For Kelela, London’s music scene has always been as a positive space—many of her close friends and collaborators live there, and her current partner is a Londoner. Seeing the music industry from the other side of the Atlantic has proven valuable to her strategy. “The UK market is quite quickly responsive. It operates in a different way because it’s small,” she explains, noting the vast difference in the U.S. music industry. “In the U.S. you’re not in the game if you don’t have a certain type of support.” Even as the rigid barriers between the underground and the mainstream music worlds start to crumble, it’s a relatively new phenomenon to see niche producers participating in global pop in a visible way.
“The big examples are Kanye’s record, Drake’s record—these are the first instances where you’re hearing our homies in that context, and I think that’s something that has allowed everybody to feel really hopeful about how much their music can circulate, how much their sound can circulate.” While mainstream pop’s palate might be growing more adventurous, the equation usually involves a big name vocalist or rapper elevating the profile of an obscure producer. Compared to Kanye and Drake, Kelela has a long way to go. The single name is a good start.
When I ask her if she wants to be a pop star, she drops her head and takes a deep breath before answering. “I am not playing. Girl, I am not playing. This isn’t me trying to be artsy. I am trying to communicate with as many fucking people as possible.” Currently, Kelela is in the process of negotiating a label deal that will give her the infrastructure to make as big of a splash as possible with her forthcoming album. Though her focus has remained sharply on mastering the album and promoting the Hallucinogen EP since our conversation, she traveled to New York in August to perform at Afropunk Fest.

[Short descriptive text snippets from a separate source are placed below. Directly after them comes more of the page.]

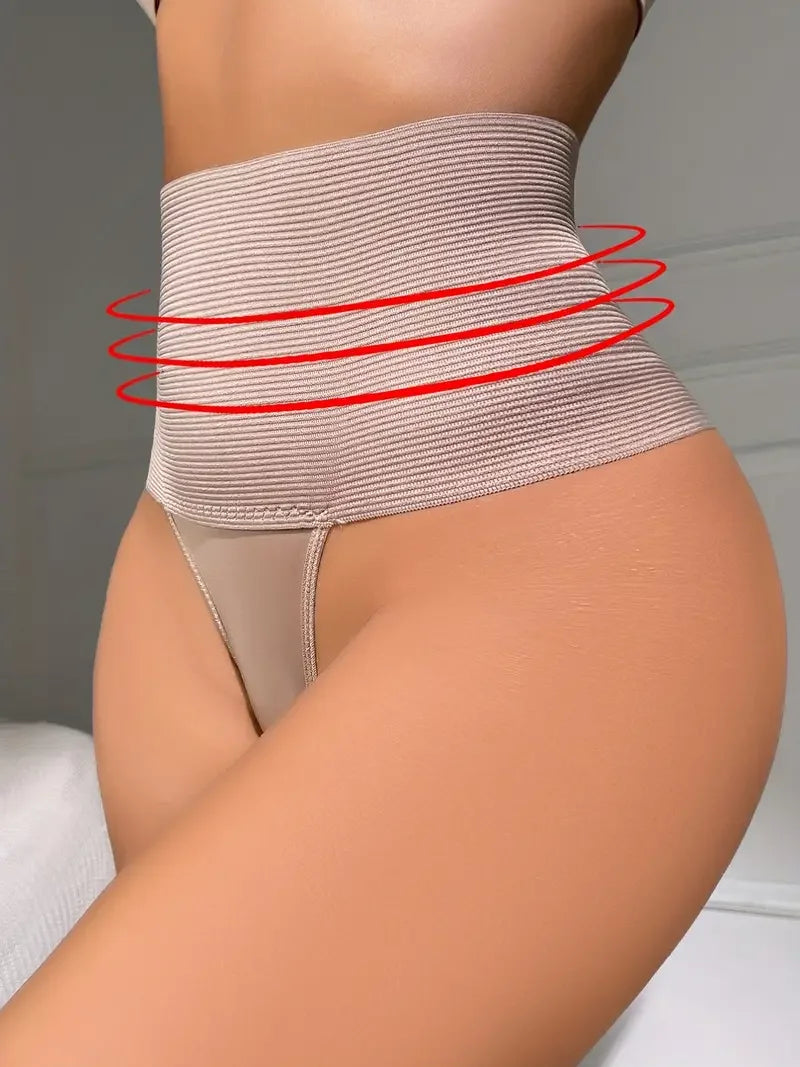 Women High Waist Control Panties Breathable & Comfy Elastic Intimates Shapewear Thongs Women's Lingerie & Underwear Aviola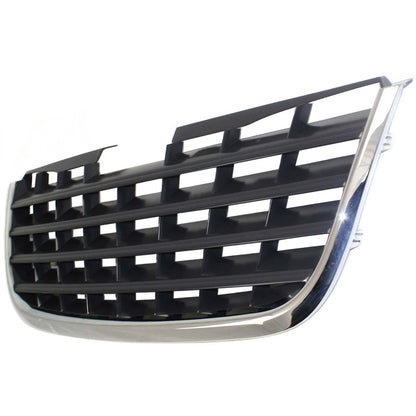 Grille Assembly for Chrysler Town & Country (2008–2010) Chrome Black Insert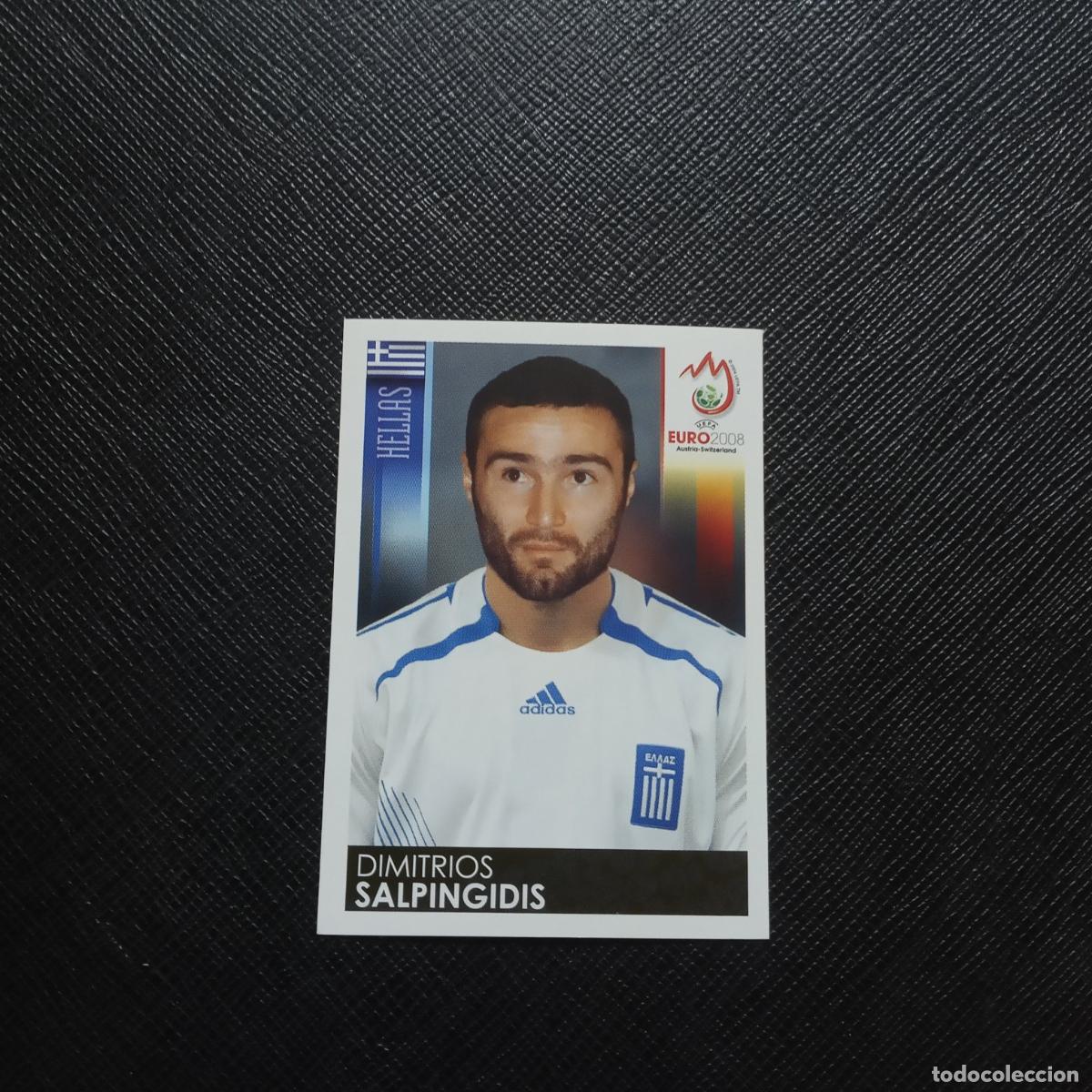 Cromos de F&uacute;tbol: 379 SALPINGIDIS GRECIA PANINI EUROCOPA AUSTRIA SUIZA EURO 2008 08 - SIN PEGAR - A197 PG298 B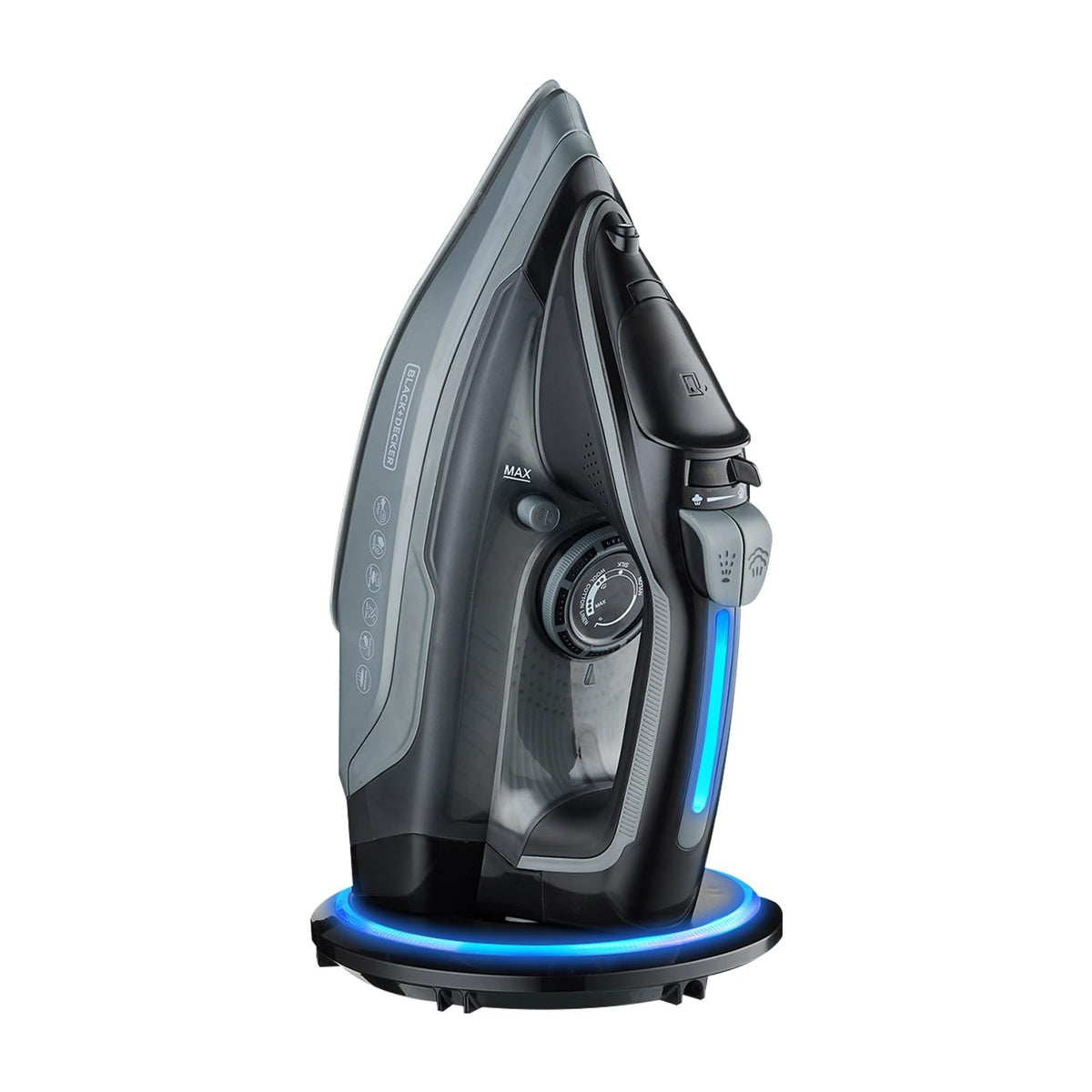 Black+Decker 2600-Watt Cordless Steam Iron Press | Black+Grey | Auto-shut off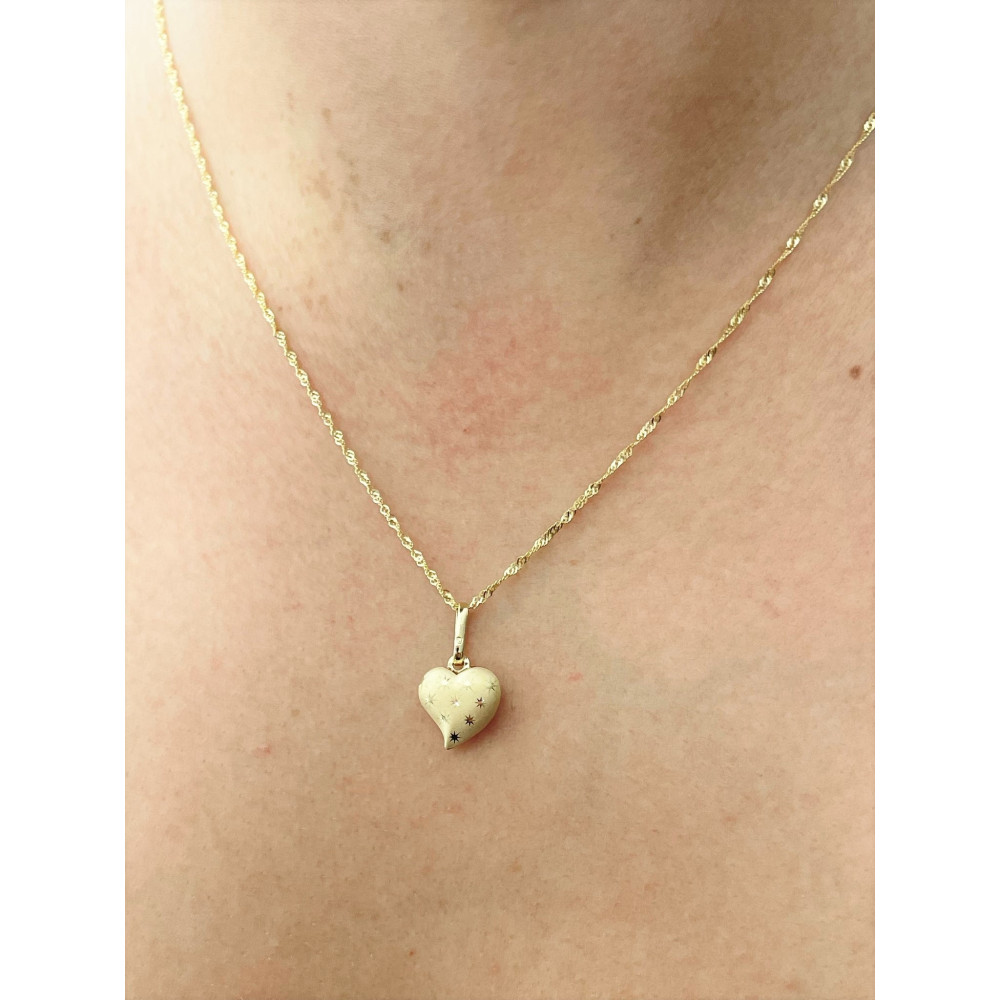 copy of Złoty wisiorek zawieszka rozeta ażurowa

I dial her a week after the festival to ask about the experience. It’s around 9 a.m. PST and “Rewind” is set to premiere on Apple Music in a few hours. She is en route home from LAX after flying back on the red eye from New York, and she is groggy but straightforward in her assessment of the experience.
“For me, Afropunk is a moment of solace. It’s a reassurance that I am ready and know what I need to do to come into my black womanhood, find language and create a space for myself in the context of what’s considered pop in general and electronic music. I’m seizing my power—whatever power I can—wielding it for good.”